Back to results

Efficiency and Changes of Cytokines Expression in Tear After Intense Pulsed Light Treating Dry Eye Disease

Primary Purpose

Dry Eye Syndromes

Status

Completed

Phase

Not Applicable

Locations

China

Study Type

Interventional

Intervention

OPT IPL

Sham OPT IPL

MGX

About this trial

This is an interventional treatment trial for Dry Eye Syndromes focused on measuring Optimal pulsed technology intense pulsed light, meibomian gland dysfunction, demodicosis, Dry Eye Disease

Eligibility Criteria

18 Years - 100 Years (Adult, Older Adult)All SexesDoes not accept healthy volunteers

Inclusion Criteria:

Subject is able to read, understand and sign an Informed Consent (IC) form
18-100 years of age
Subject is able and willing to comply with the treatment/follow-up (FU) schedule and requirements
In the study eye, tear break up time ≤ 7 seconds
In the study eye, Meibomian Gland Score (MGS) ≤ 12
In the study eye, at least 5 non-atrophied meibomian glands in the lower eyelid
Symptoms self-assessed using the Ocular Surface Disease Index (OSDI) questionnaire ≥ 23

Exclusion Criteria:

Fitzpatrick skin type V or VI
Contact lens wear within the month prior to screening
Unwilling to discontinue use of contact lenses for the duration of the study
Ocular surgery or eyelid surgery, within 6 months prior to screening
Neuro-paralysis in the planned treatment area, within 6 months prior to screening
Other uncontrolled eye disorders affecting the ocular surface, for example active allergies
Current use of punctal plugs
Pre-cancerous lesions, skin cancer or pigmented lesions in the planned treatment area
Uncontrolled infections or uncontrolled immunosuppressive diseases
Subjects with ocular infections, within 6 months prior to screening
Prior history of cold sores or rashes in the perioral area or in the planned treatment area that could be stimulated by light at a wavelength of 560 nm to 1200 nm, including: Herpes simplex 1 & 2, Systemic Lupus erythematosus, and porphyria
Within 3 months prior to screening, use of photosensitive medication and/or herbs that may cause sensitivity to 560-1200 nm light exposure, including: Isotretinoin, Tetracycline, Doxycycline, and St.

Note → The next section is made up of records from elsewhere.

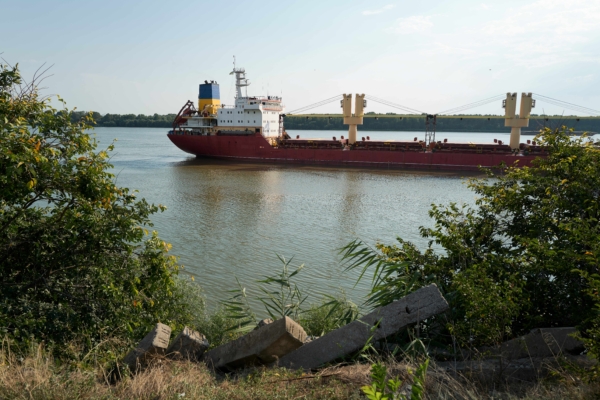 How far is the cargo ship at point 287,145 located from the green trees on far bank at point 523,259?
24230 millimetres

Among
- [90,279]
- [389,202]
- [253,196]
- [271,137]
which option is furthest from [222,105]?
[90,279]

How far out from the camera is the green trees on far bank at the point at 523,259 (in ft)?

John's Wort
Over exposure to sun, within 4 weeks prior to screening
Use of prescription eye drops for dry eye, within 7 days prior to screening, excluding artificial tears and glaucoma drops
Radiation therapy to the head or neck, within 12 months prior to screening
Planned radiation therapy, within 8 weeks after the last treatment session
Treatment with chemotherapeutic agent, within 8 weeks prior to screening
Planned chemotherapy, within 8 weeks after the last treatment session
New topical treatments within the area to be treated, or oral therapies, within 3 months prior to screening- except over-the-counter acetaminophen-based analgesics for pain management, new oral omega 3 fatty acid supplements and topical artificial tears
Change in dosage of any systemic medication, within 3 months prior to screening
Anticipated relocation or extensive travel outside of the local study area preventing compliance with follow-up over the study period
Legally blind in either eye
History of migraines, seizures or epilepsy
Facial IPL treatment, within 12 months prior to screening
Any thermal treatment of the eyelids, including Lipiflow, within 6 months prior to screening
Expression of the meibomian glands, within 6 months prior to screening
In either eye, moderate to severe (Grade 3-4) inflammation of the conjunctiva, including: allergic, vernal or giant papillary conjunctivitis
In either eye, severe (Grade 4) inflammation of the eyelid, including: blepharochalasis, staphylococcal blepharitis or seborrheic blepharitis
Ocular surface abnormality that may compromise corneal integrity in either eye (e.g., prior chemical burn, recurrent corneal erosion, corneal epithelial defect, Grade 3 corneal fluorescein staining, or map dot fingerprint dystrophy)
Eyelid abnormalities that affect lid function in either eye, including: entropion, ectropion, tumor, edema, blepharospasm, lagophthalmos, severe trichiasis, and severe ptosis
Any systemic condition that may cause dry eye disease, including: Stevens-Johnson syndrome, vitamin A deficiency, rheumatoid arthritis, Wegener's granulomatosis, sarcoidosis, leukemia, Riley-Day syndrome, systemic lupus erythematosus, and Sjögren's syndrome
Unwilling or unable to abstain from the use of medications known to cause dryness (e.g., isotretinoin, antihistamines) throughout the study duration. Subjects must discontinue these medications for at least 1 month prior to the baseline visit.
Any condition revealed whereby the investigator deems the subject inappropriate for this study

Sites / Locations

The First affiliated hospital of harbin medical university

Arms of the Study

Arm 1

Arm 2

Arm Type

Experimental

Sham Comparator

Arm Label

OPT IPL followed by MGX

Sham OPT IPL followed by MGX

Arm Description

Subjects in the experimental arm will receive OPT IPL followed by MGX: OPT IPL pulses will be administered on the skin of the malar region (both cheeks, from tragus to tragus including the nose) and below the lower eyelids. Following OPT IPL therapy, subjects will undergo MGX of both eyelids in both eyes. Interventions: Device: IPL Procedure: MGX

Subjects in the sham comparator arm will receive Sham OPT IPL followed by MGX: Sham OPT IPL pulses will be administered on the skin of the malar region (both cheeks, from tragus to tragus including the nose) and below the lower eyelids. Following Sham OPT IPL therapy, subjects will undergo MGX of both eyelids in both eyes. Interventions: Device: Sham IPL Procedure: MGX

Outcomes

Primary Outcome Measures

change of baseline demodex counts

Six lashes with cylindrical dandruff (CD) were epilated from each eye (3 in upper eyelid and 3 in lower eyelid) under slit lamp and mounted on glass slides and were examined under optical microscopy to confirm the presence of D folliculorum. Demodex counts greater than or equal to 1 were Demodex-positive.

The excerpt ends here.